In the Emirate of Dubai, it has been permissible, since June, for companies (both onshore and within the free zones) to operate at 100 per cent capacity, however, despite this, many private sector companies continue to operate remote working entirely or alternatively, have introduced atypical working arrangements and have amended and/or implemented company policies reflecting these arrangements. For public sector employees within the Emirate, the Dubai government has recently introduced a number of innovative measures including a flexible working system across all government departments and a “work from home” policy to support female employees where their children are undertaking distance learning. A restriction on the number of employees on business premises remains within the Emirate of Abu Dhabi, currently at 60 per cent occupancy.
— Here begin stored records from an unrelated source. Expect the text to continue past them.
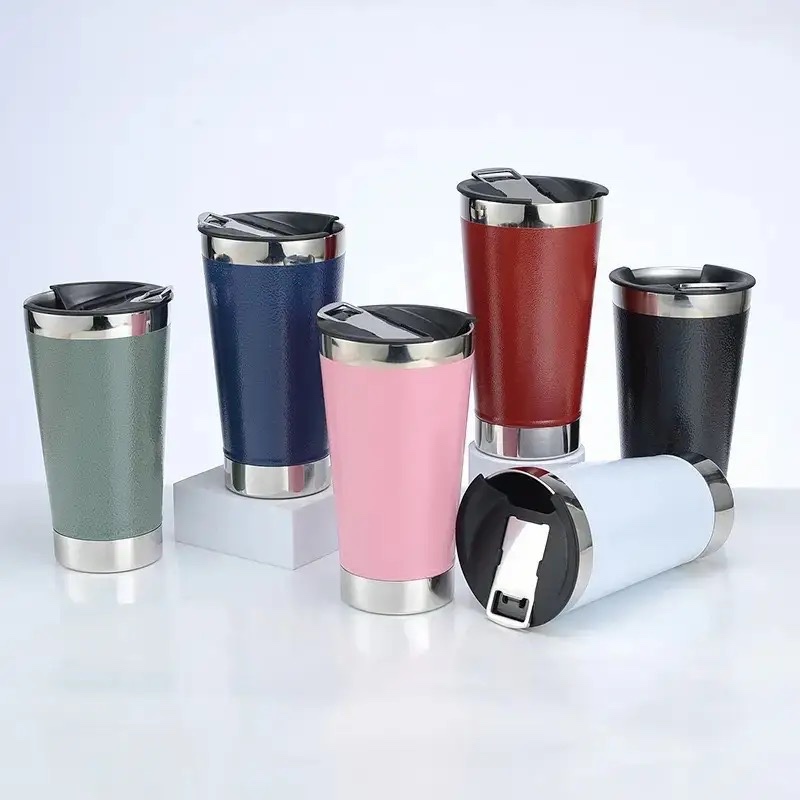 Copo Termico Inox Com Tampa E Abridor 473ml Diversas Cores STANLEY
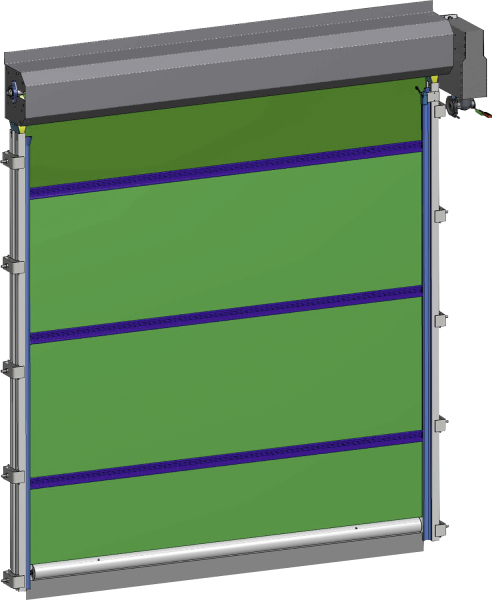 Elektro-Agrartor PLUS 9/6 Breite 9,00 m, Höhe 6,00 m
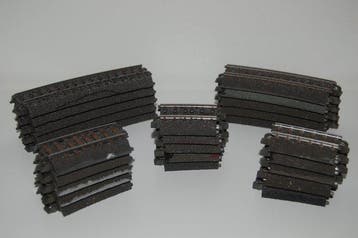 Märklin H0 - 24107/-206/-207/-115/-215 - Modeltreinsporen, Hobby en Vrije tijd, Nieuw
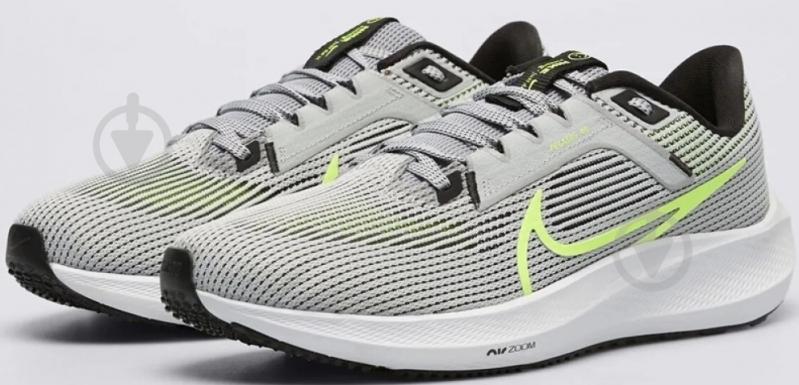 Кроссовки чоловічі демісезонні Nike Air Zoom Pegasus DV3853-004 р.44 серые - фото 1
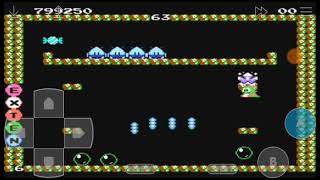 Bubble Bobble (NES) Round 63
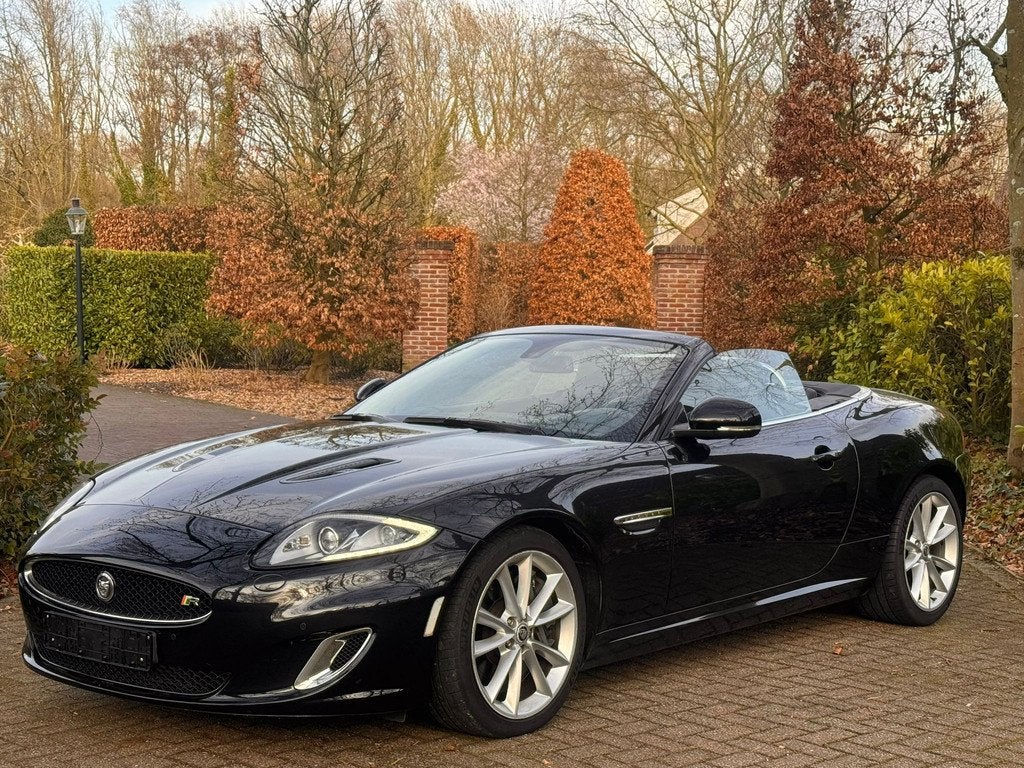 Jaguar XKR Supercharged Nw ketting. B&W. Revisie (bj 2012), Auto's, Jaguar, XK, Gebruikt, 8 cilinders, 510 pk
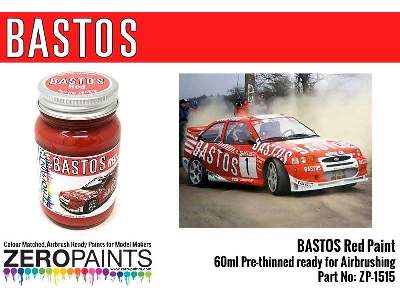 1515 Bastos Red For Bastos Sponsored Cars - image 1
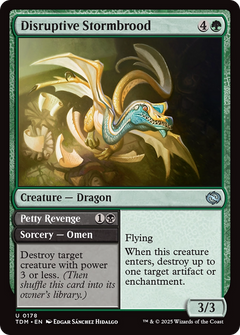 Disruptive Stormbrood (178) [Tarkir: Dragonstorm] - Deck Out Gaming
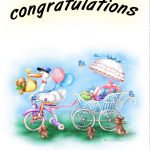Free Printable New Baby Congratulations Greeting Card | Quotes   Congratulations On Your Baby Girl Free Printable Cards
Undoubtedly COVID-19 has changed the way in which remote working is viewed and has removed any stigma that may have previously been attached to the phrase “working from home”, which for many had connotations of ‘working’ from the sofa in pyjamas. Over the past eight months, employees have been able to successfully demonstrate to their employers that they can work in an efficient and productive manner outside the four walls of their office, helped significantly of course by modern day technology. Specifically, for the UAE, remote working has seen the introduction/expansion of videoconferencing platforms like Zoom and Microsoft Teams. Recent months have also highlighted a number of additional benefits to remote working and/ or atypical working arrangements including employees reporting higher job satisfaction, increased work/life balance, greater flexibility, elimination of tiresome commutes and importantly for businesses struggling through a global recession, a potential decrease in overhead expenditure. However, it is of course recognised that not everyone can or wants to work from home and future arrangements will vary. For many, the past few months have served as a reminder of how much they enjoy social interaction in the workplace, and a return to the office resembles a sense of normality. However, with several global household names such as Twitter and Facebook publicly announcing that their employees are free to work from home indefinitely, the indication is certainly that remote working will remain a feature not just within the UAE but worldwide. There has been a steady increase in recent years of private sector companies allowing flexible working arrangements for their employees and this has increasingly been recognised as an important factor in employee recruitment and retention. However, this general trend has been fast tracked in recent months due to the virus and accordingly, there is now an expectation on companies to amend their current workplace practices and policies in order to adopt to the new “normal”, retain employees, and attract the best future talent. As this is a developing area of the law, it is important that legal advice is sought to ensure that any applicable remote working policies are consistent with local laws and practice.